Considering the ease in which a LR model found the required patterns to return a very respectable accuracy score, and the ease in which a ET model returned a good FP score, as well as the complexity of the H-LSTM model ++ MultiHeadAttention layer, it's likely that this will only require one or two epochs with a decent batch size while experimenting with the num_heads value of the attention layer & dropout rate.
Hope you got all that.
The baseline FP figure for a LR model on the email body is around 360, with a FN of >= 280.
Here are the results from the confusion matrix: - True Positives (TP): 3473 - False Positives (FP): 17 - True Negatives (TN): 4326 - False Negatives (FN): 15 True Positives (TP): These are the fraudulent emails correctly identified by the model.
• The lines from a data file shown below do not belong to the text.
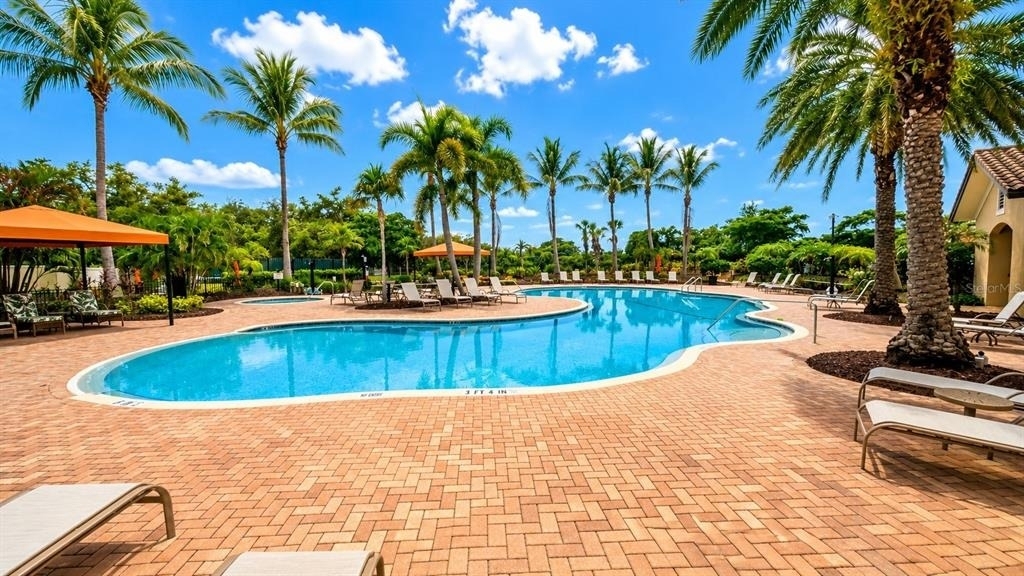 2519 Vaccaro Drive - Photo 36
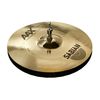 Sabian 14 AAX X-Celerator Hats
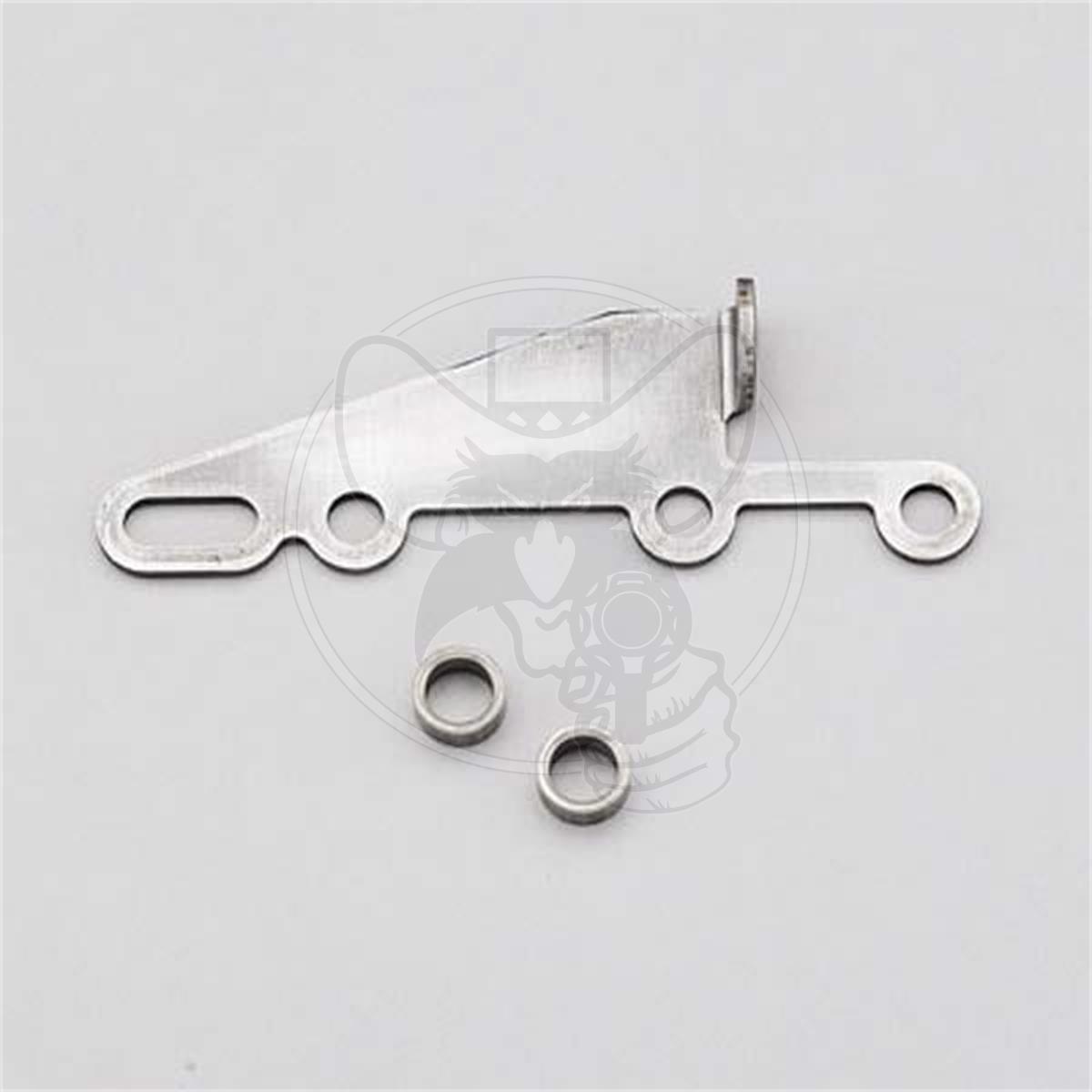 B&M SHIFTER TRANS CABLE BRACKET FITS GM TURBO 350 400 700R4 200 250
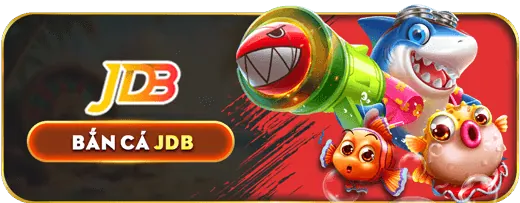 Khuyến mãi chào mừng 6ffbet
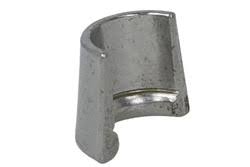 R520798 Стопор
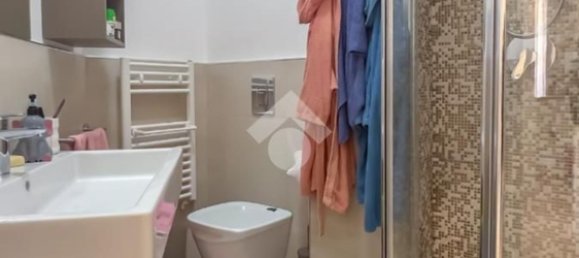 Apartamento T3 em Formia, Italy N.º 311405 32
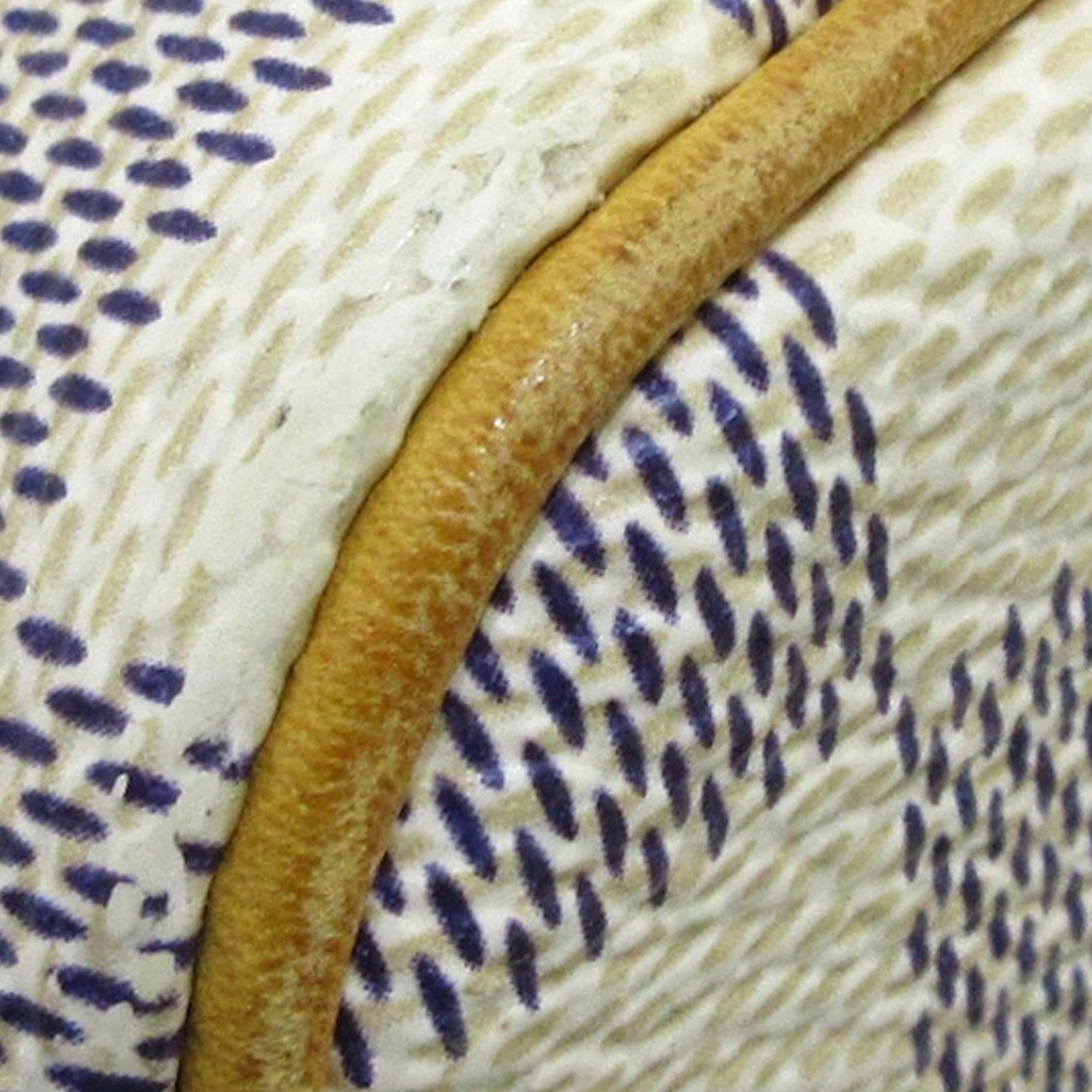 Louis Vuitton Damier Azur Saleya PM (SHG-37857)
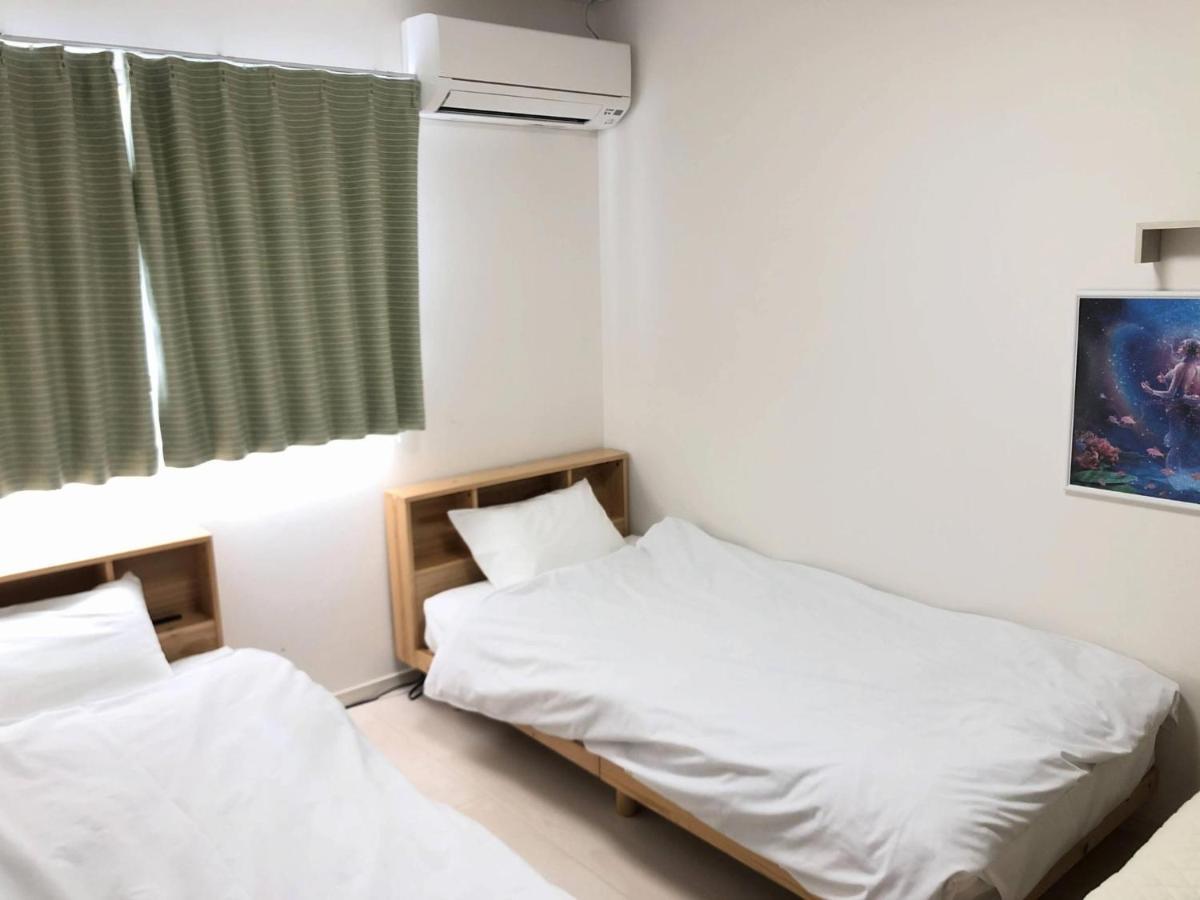 Kumamoto - House / Vacation Stay 75194 Esterno foto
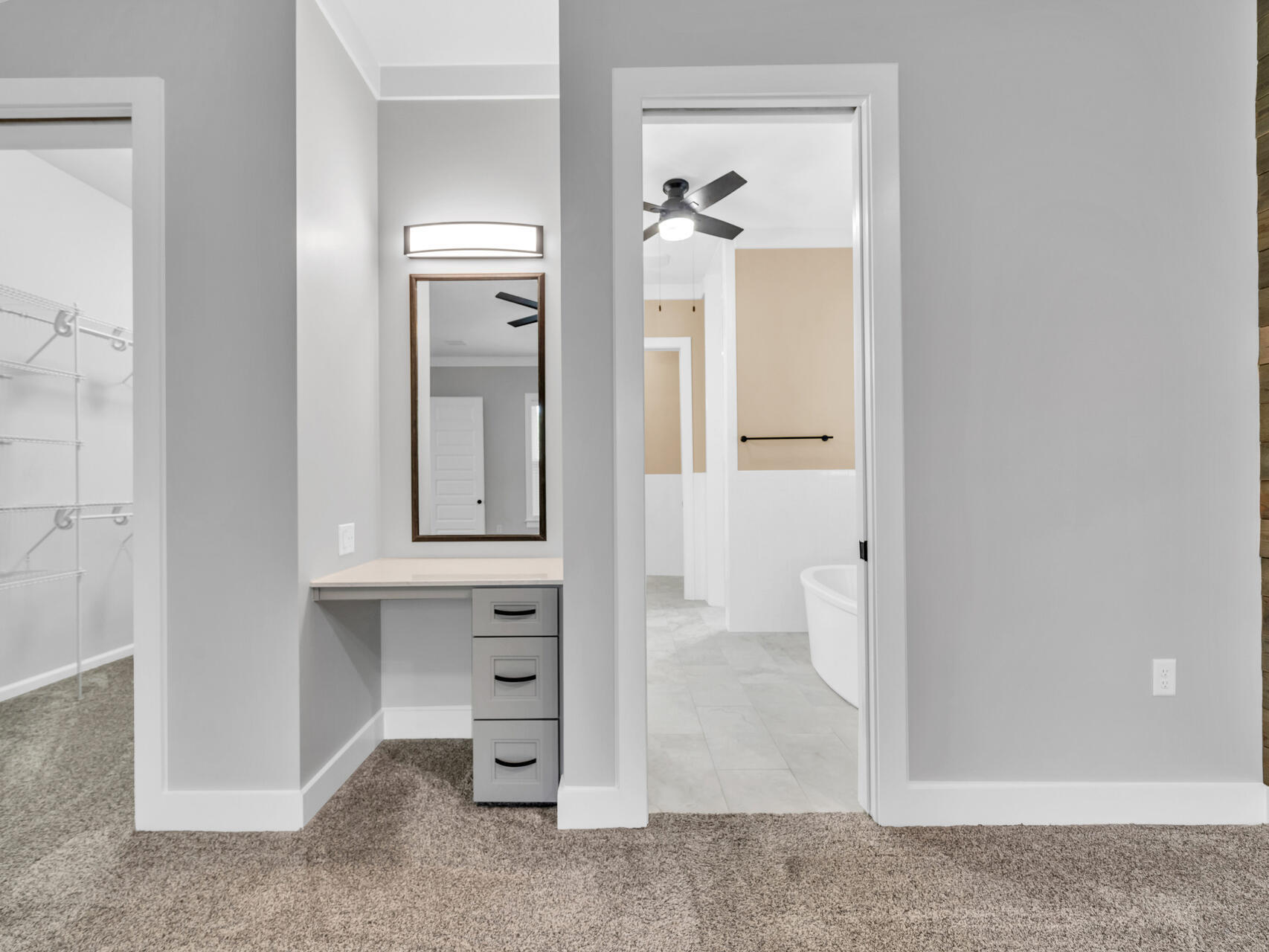 1160 Deer Moss Loop Niceville, FL 32578 - Photo 23 of 60 dsc00702-012-052-1920x1280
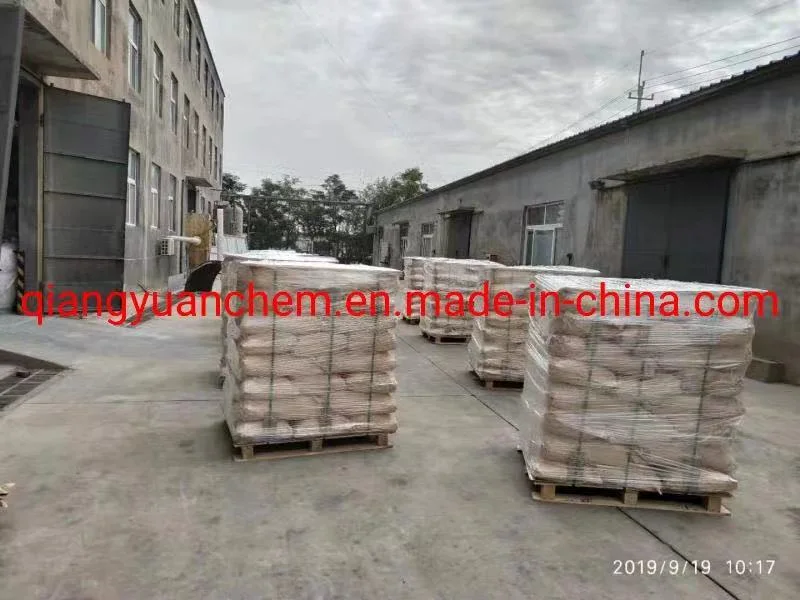 High Purity Light/Heavy Magnesium Oxide Powder, Magnesia,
A high TP count indicates that the model is effective at detecting fraudulent emails. False Positives (FP): These are non-fraudulent emails incorrectly classified as fraudulent. A low FP count is desirable as it means fewer legitimate emails are mistakenly flagged as fraud. True Negatives (TN): These are non-fraudulent emails correctly identified by the model. A high TN count shows the model's ability to accurately recognise legitimate emails. False Negatives (FN): These are fraudulent emails that the model failed to identify. A low FN count is crucial as it means fewer fraudulent emails are slipping through undetected. Overall, the model performs well with high TP and TN counts & low FP and FN counts, indicating effective classification of both fraudulent and non-fraudulent emails.